== Work to be completed ==
Beginning with the line that includes "عيادات مركز الملك" and ending with the last line, print the records exactly, leaving every picture out.

+++++

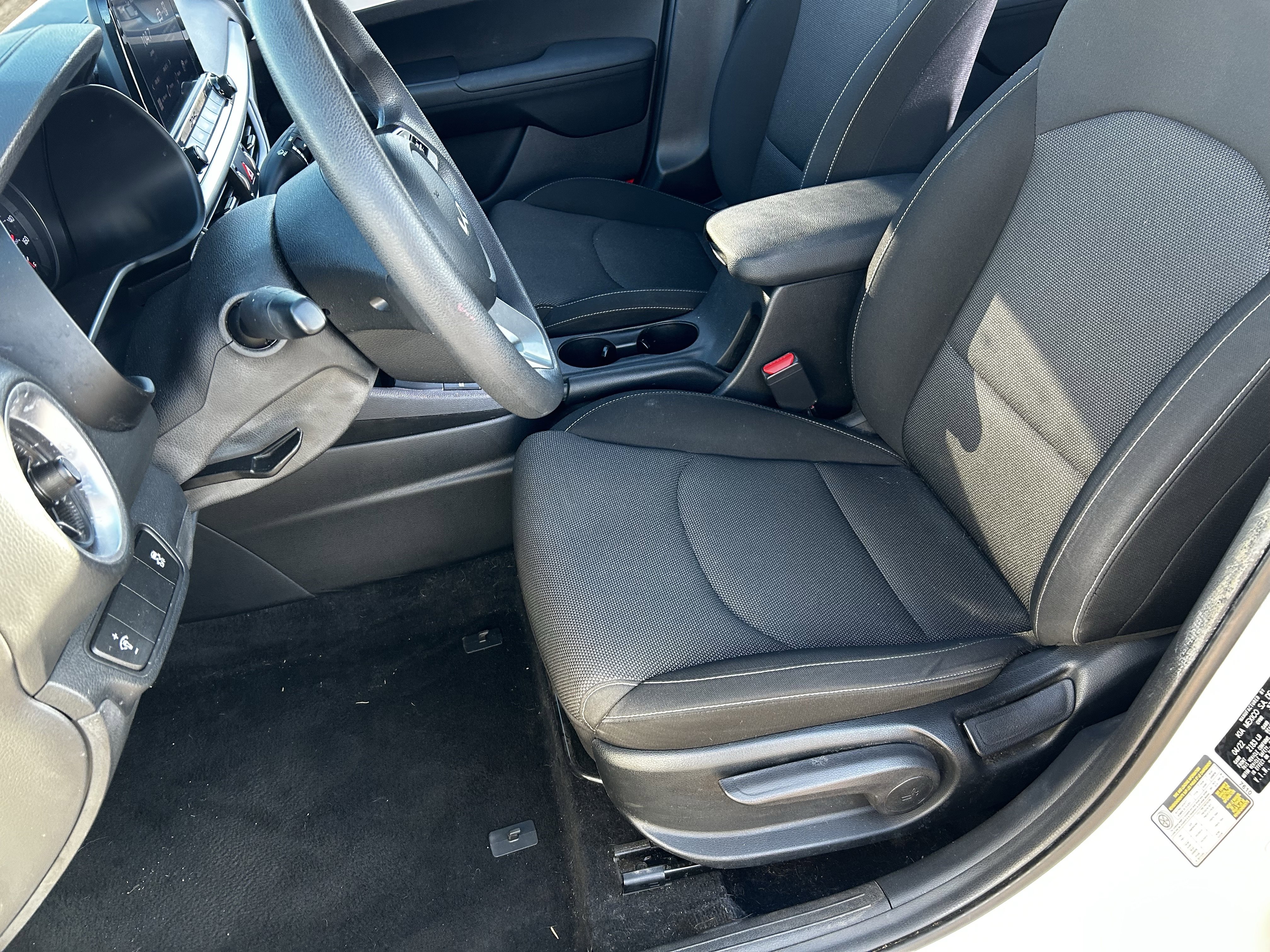 Certified 2022 Kia Forte LXS image 19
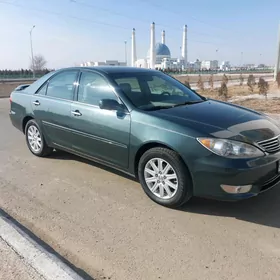 Toyota Camry 2005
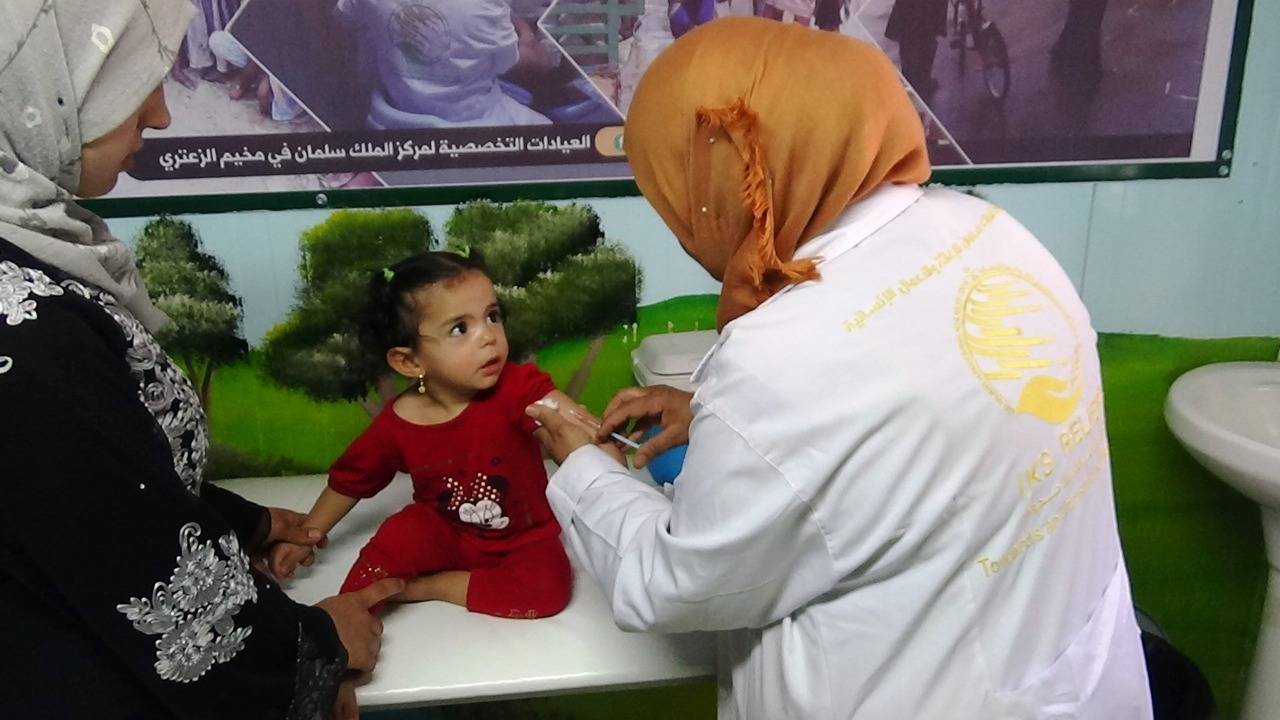 عيادات مركز الملك سلمان للإغاثة تقدم العلاج لاكثر من(15) الف حالة مرضية في مخيم الزعتري خلال شهر اغسطس من العام 2019 م  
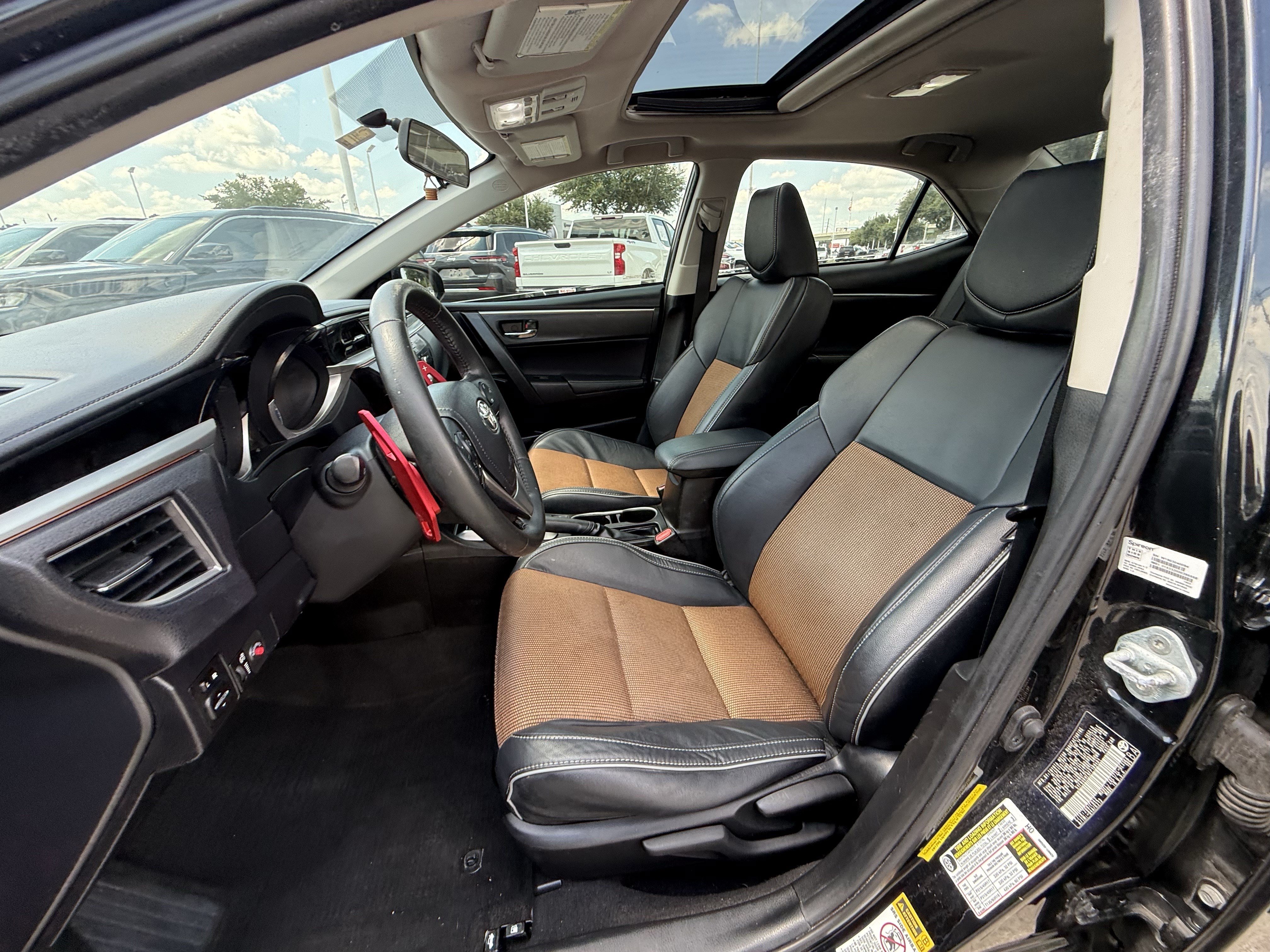 Used 2015 Toyota Corolla S w/ Driver Convenience Package FWD image 28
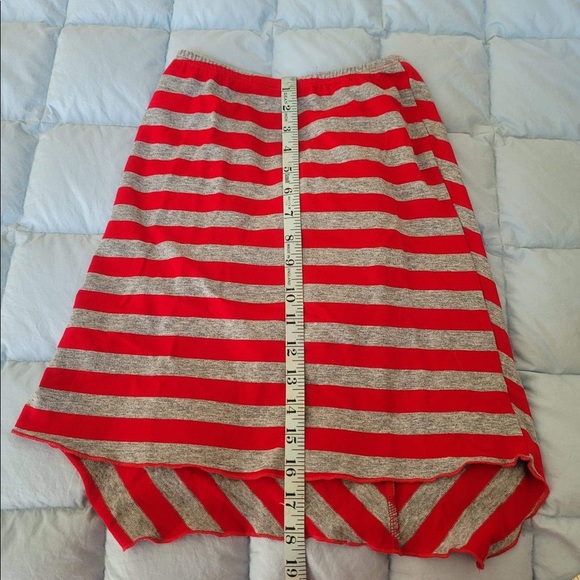 Girls Great Escape Size 7/8 Tea Length Skirt - Picture 3 of 7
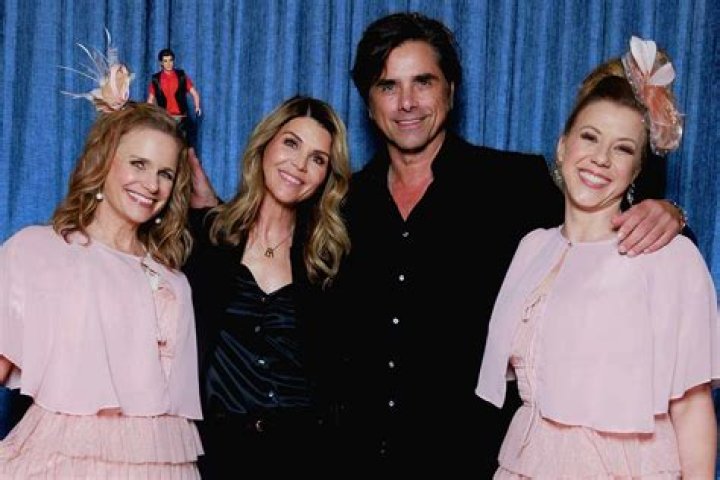 Ashley Olsen’s ‘Full House’ Costars Jodie Sweetin & Andrea Barber Are 1st To Send Congrats On New Baby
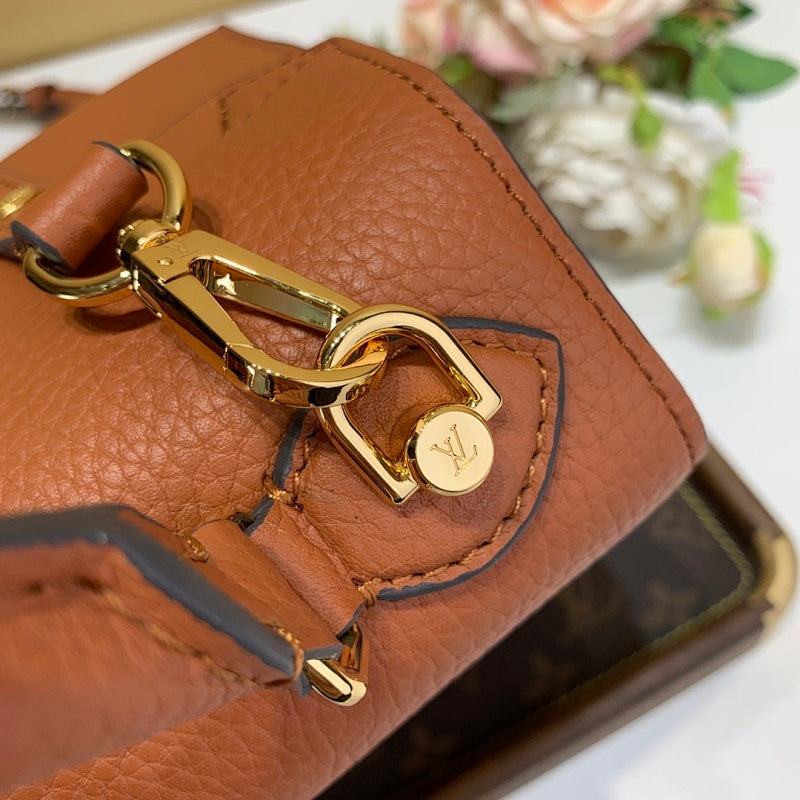 Anum Bags ln Luxury Bag --58968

+++++

== Written response ==
 عيادات مركز الملك سلمان للإغاثة تقدم العلاج لاكثر من(15) الف حالة مرضية في مخيم الزعتري خلال شهر اغسطس من العام 2019 م  
 Used 2015 Toyota Corolla S w/ Driver Convenience Package FWD image 28
 Girls Great Escape Size 7/8 Tea Length Skirt - Picture 3 of 7
 Ashley Olsen’s ‘Full House’ Costars Jodie Sweetin & Andrea Barber Are 1st To Send Congrats On New Baby
 Anum Bags ln Luxury Bag --58968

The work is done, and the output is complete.